CLUBKONFEKTION AUS DER YOUTUBE-FABRIK
„Viral“, so der altehrwürdige Duden, bedeutet soviel wie „durch ein Virus verursacht“. Na bitte, und schon finden wir ein Beispiel für einen hartnäckigen und folgenschweren Krankheitserreger, der sich gleich einer grausamen Pandemie über die gesamte Weltkugel ausgebreitet hat. Symptome: Lässiges Hin- und Herschwingen mit den Beinen, putzige Lasso- und Reitbewegungen mit den Armen („Horse Dance“). Dazu mehrfaches Wiehern von „op op op op oppan Gangnam Style“. Langfristige Folgen: Chronische Ohrwurmeritis und Wahrnehmungsstörungen sowie irreperable Schädigungen der eigenen Reputation nach Auftritten auf Betriebsfesten und privaten Mottopartys. Therapie: Dauerhafter Verzicht auf jegliche Nutzung von Videoportalen. Aber im Zweifel ist es jetzt eh zu spät: Der K-Pop hat schon längst Mitteleuropa erreicht.

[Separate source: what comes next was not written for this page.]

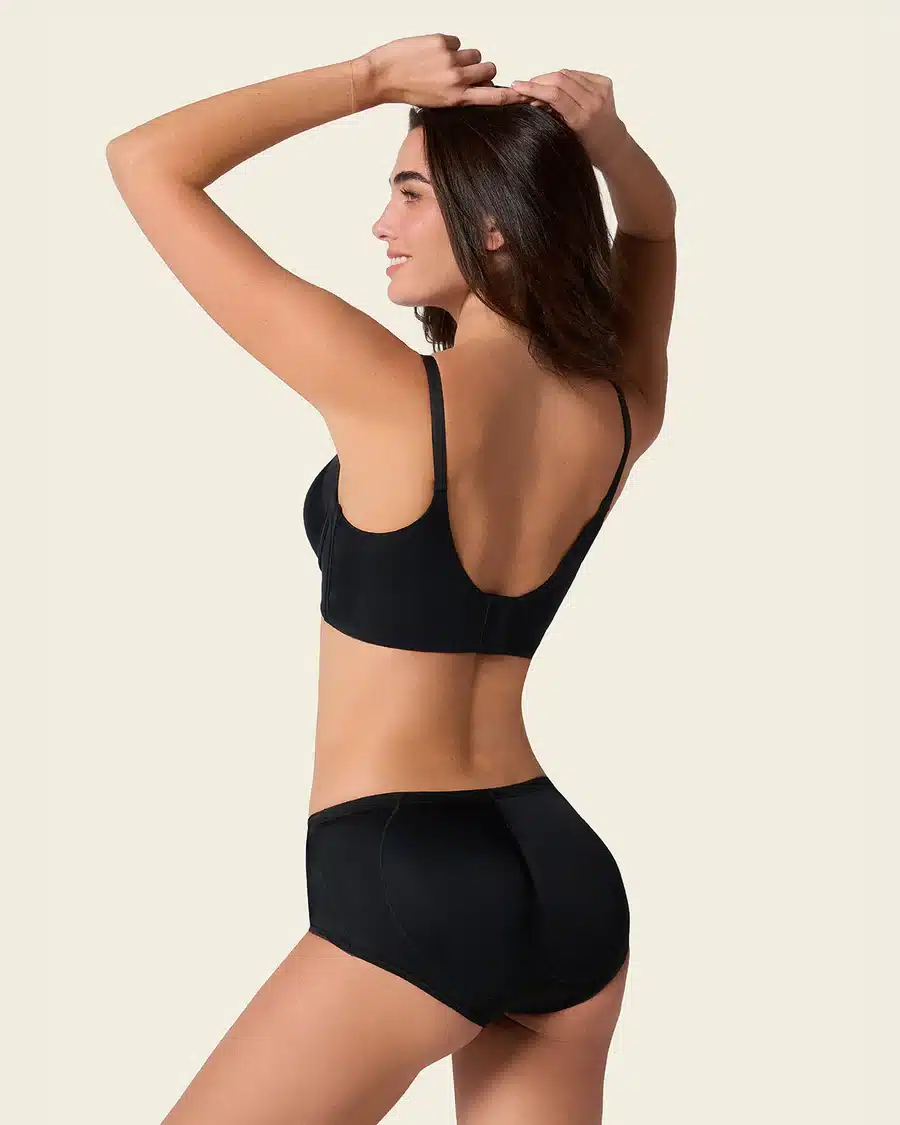 LEONISA 12688 BRAGA CULOTE RELLENO - Imagen 7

Aber das konnte auch der südkoreanische Rapper und Sänger Psy wirklich nicht ahnen, dass sich erst nach vielen Jahren im Musikgeschäft auf seiner nunmehr 6. Platte ein Hit befinden würde, der die popkulturelle Erde in ihren Grundfesten erschüttern würde: Mehr als 1 Milliarde Klicks auf YouTube (dank der eifrig gepflegten GEMA-Google-Feindschaft ohne deutsche Beteiligung), Auftritte vor Obama und beim Karneval in Rio, Rezeptionen in sämtlichen Feuilletons der schreibenden Presse. Dass der Mitte-30jährige lange Zeit auf die Musik von Bon Jovi, Aerosmith und den Guns N´Roses abfuhr, lässt sich aus dem Diskotheken-Stampfer „Gangnam Style“ eher nicht heraushören, dafür inhaltlich der parodistische Seitenhieb auf die koreanische Wohlstandsgesellschaft. Gangnam ist der vermögendste Stadtteil Seouls und das wird anhand der Bilder, welche auf der offiziellen Internetpräsenz dieses Bezirks zu sehen sind, auch ziemlich schnell deutlich.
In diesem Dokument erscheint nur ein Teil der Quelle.